Almost immediately following his appointment as Clerk of the Court of Augmentations he acquired his first grant of former monastic lands when in December 1536 he was granted a lease of Pilton Priory in north Devon. On 5 February 1540 he made a larger acquisition when he purchased the lands of the dissolved Otterton Priory near the south Devon coast, which comprised a large part of the country surrounding the estuary and lower course of the River Otter. He made Otterton Priory his home and it continued as the principal residence of the Duke family, which held the estate until 1786 when it was sold to Denys Rolle of Bicton, thus making him eventually the largest landowner in Devon. The estate remains largely intact as the core landholding of Baron Clinton's 55,000-acre Devon estate, whose family was the heir of the Rolles. The catalogue entry of the record of the grant in the Patent Rolls is summarised as follows:

To Richard Duke and Elizabeth his wife, granting in fee, for £1,727.14.2. the manors of Otterton and Budlegh alias East Budlegh, which belonged to the late Monastery of St.
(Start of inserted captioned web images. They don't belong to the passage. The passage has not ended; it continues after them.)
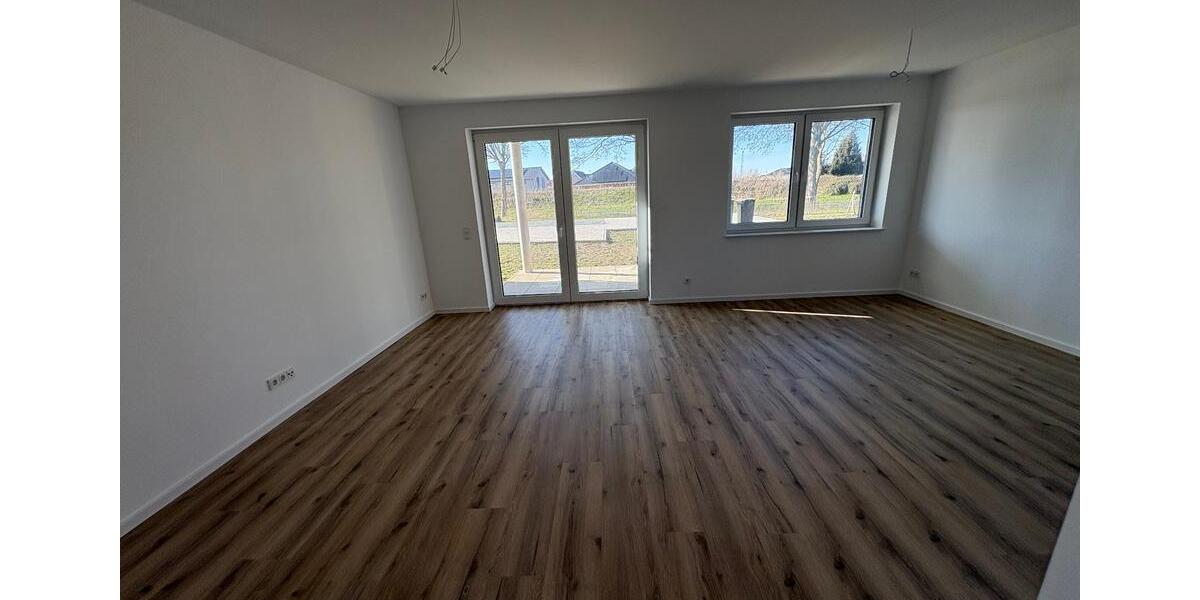 Erdgeschoßwohnung Harpstedt - 3 Zimmer, 87 m&sup2;, 895&euro; | Angebot:26278987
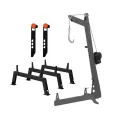 Tømmervinsjpakke B751 Pro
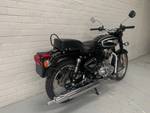 2021 Royal Enfield 2021 ROYAL ENFIELD (SEE ALSO ENFIEL 500CC BULLET 500 ABS Road White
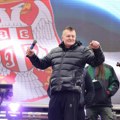 "Srbina bi odmah PRIVELi, maltretirali ga, raspisali poternice" Pevač zgrožen Tompsonovim koncertom: Da je neko naš to uradio…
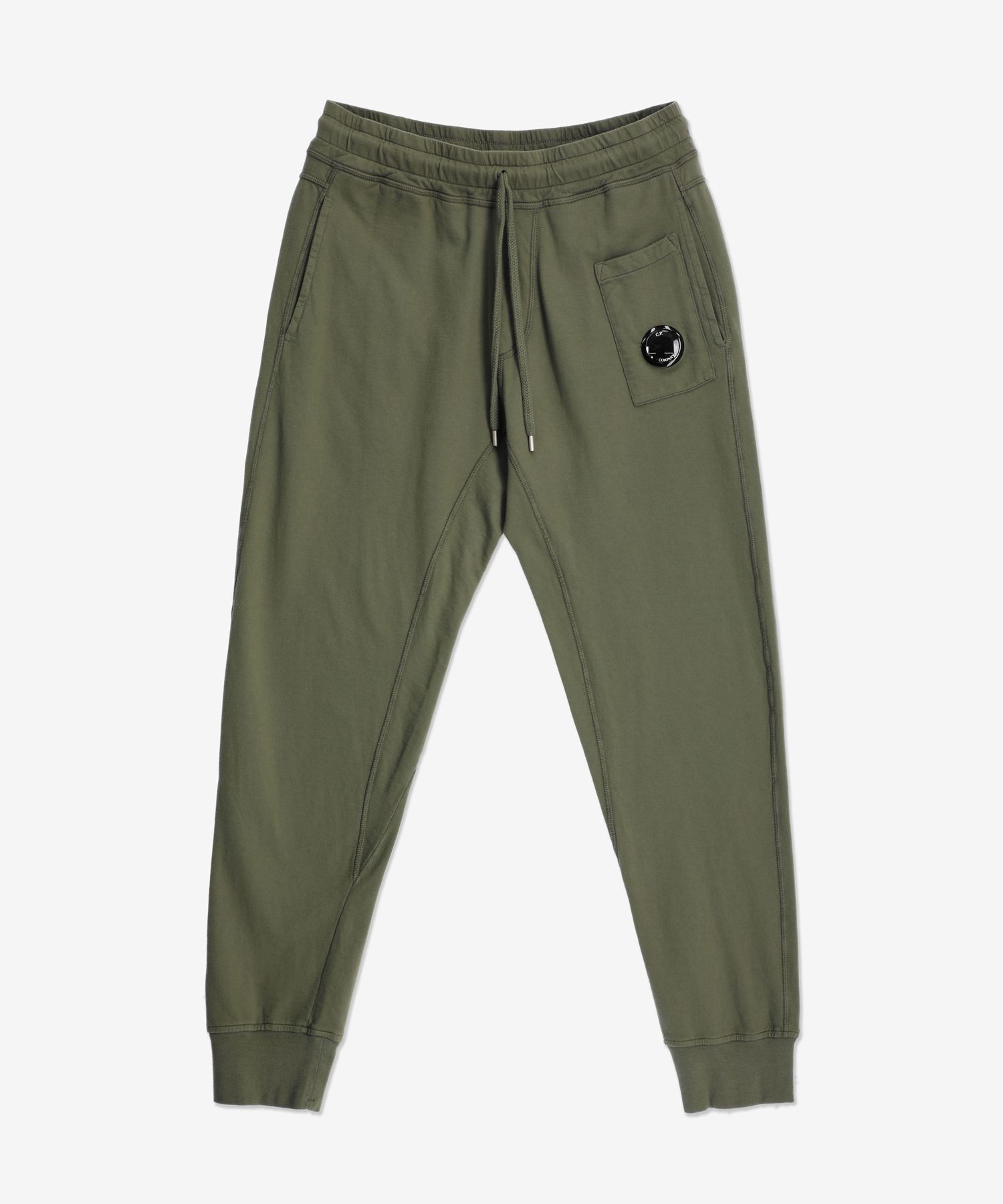 MUSINSA公式 | CP Company ライトフリースオクシリーレリースウェット 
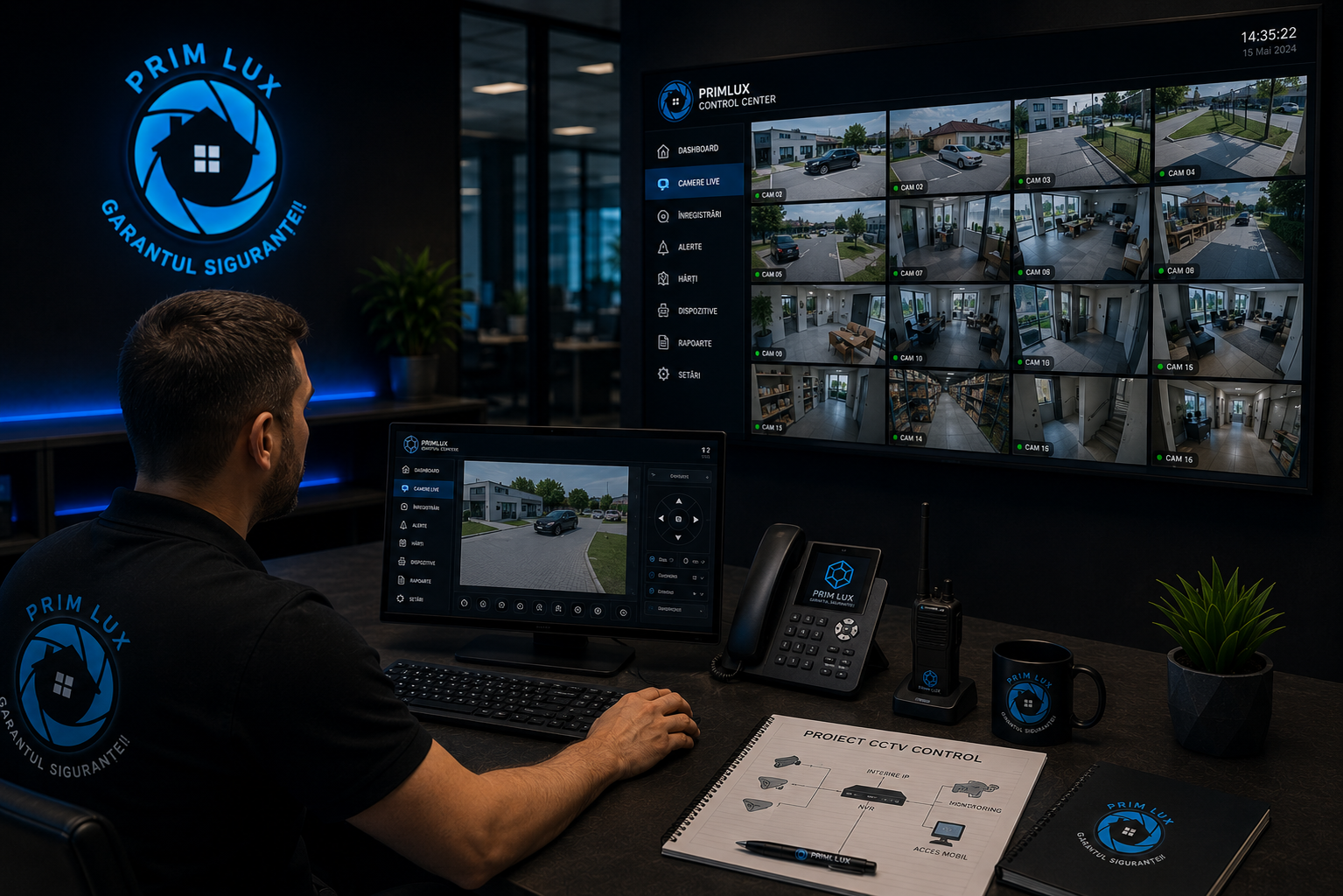 Server NAS Synology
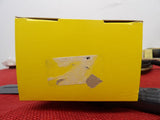 Buck 0808BKX 808 Talon Chopper Knife Micarta 5160 USA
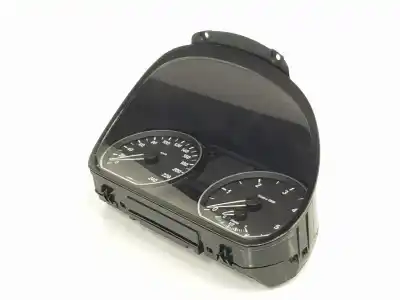 Peça sobressalente para automóvel em segunda mão quadrante por bmw serie 1 berlina (e81/e87) 116d referências oem iam 9242332  62109283801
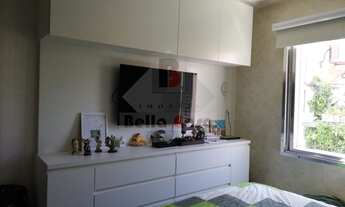 Imagem 6: Apartamento amplo - Mooca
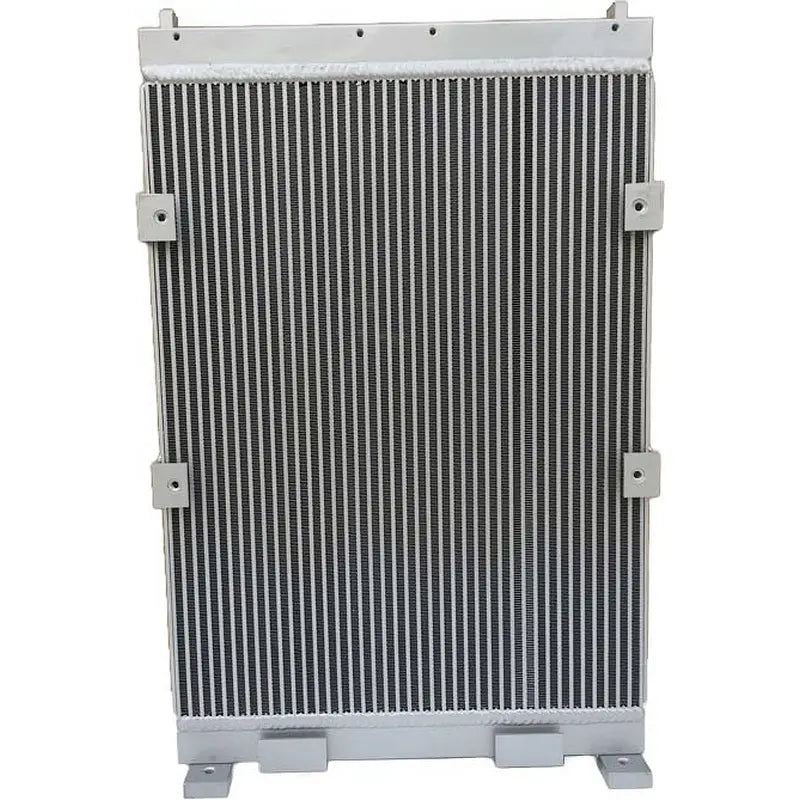 Load image into Gallery viewer, Oil Cooler 14619768 for Volvo Excavator EC360B EC330B EC330C EC360C from MyMROmarts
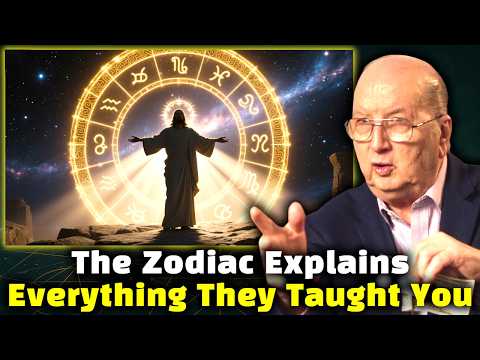 What They Never Told You About Christianity and the Zodiac | Jordan Maxwell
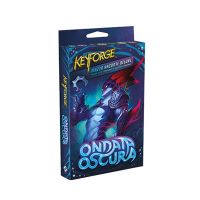 KeyForge - Ondata Oscura - Mazzo Deluxe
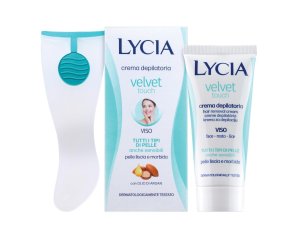 LYCIA DEP.Cr.Viso Perf.50ml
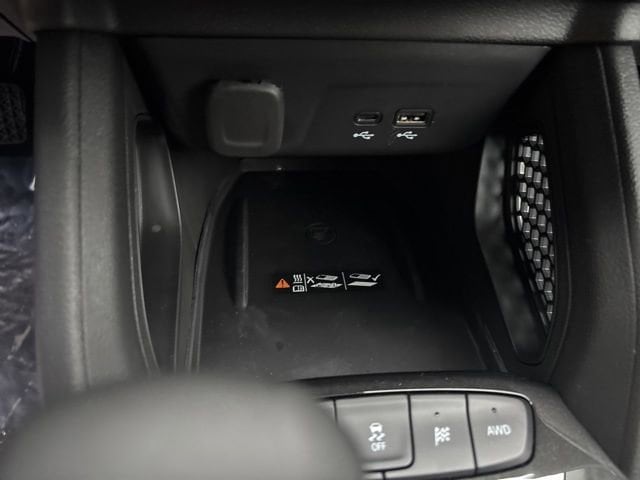 2026 Chevrolet Trailblazer LT - Photo 25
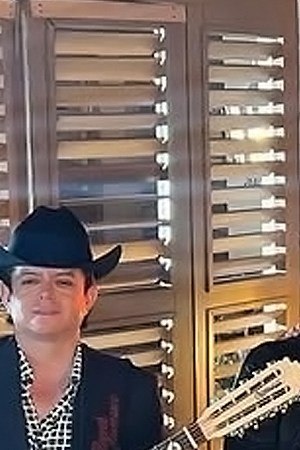 Los Alegres Del Barranco_'El Consejo'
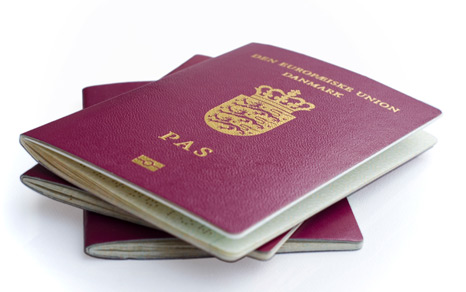 Over 57.000 personer i Danmark kan rammes af indrejseforbud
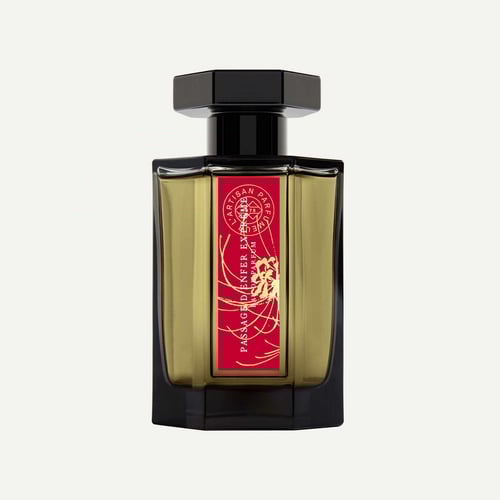 PASSAGE D'ENFER EXT EDP 21 100ML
Saviour and Saints Mary and Bridget, Syon, Middlesex; the advowsons of the vicarages of Otterton and Harpford alias Harford and Fen Ottery; and the churches and rectories of Otterton and Harpeford, and all lands etc. in Otterton, Normeston, Houghton, Pasford, Patteston, alias Pytteston, Harpeford alias Harford, Fen Otery, Otterton, Bykton and Budleigh alias East Budleigh belonging to the late monastery; also, the Water of Oter with the fishery of the same, the free warren, view of frankpledge and wreck of the sea in Otterton and Budleigh and all messuages, lands, etc. in Otterton, East Budleigh, Budleigh, Pasford, Houghton, Patteston alias Pytteston, Normeston, Pynne, Stouton, Bykton, Harpeford alias Harford, Fen Otery, Saltern, Tudwill, Polehaye Knoll and Daldyche etc., as Agnes Jorden late Abbess of the said monastery formerly held. Rent: £9. 12s.
Great Seal, in green wax, broken.

In 1542 he acquired the manor of Templecombe in Somerset and in 1544 Brownsea Island in Dorset. In 1546 with his brother John Duke he acquired Collaton Abbot, Devon and received by royal grant for himself Upper Budleigh and with his brother other manors in Devon and Somerset.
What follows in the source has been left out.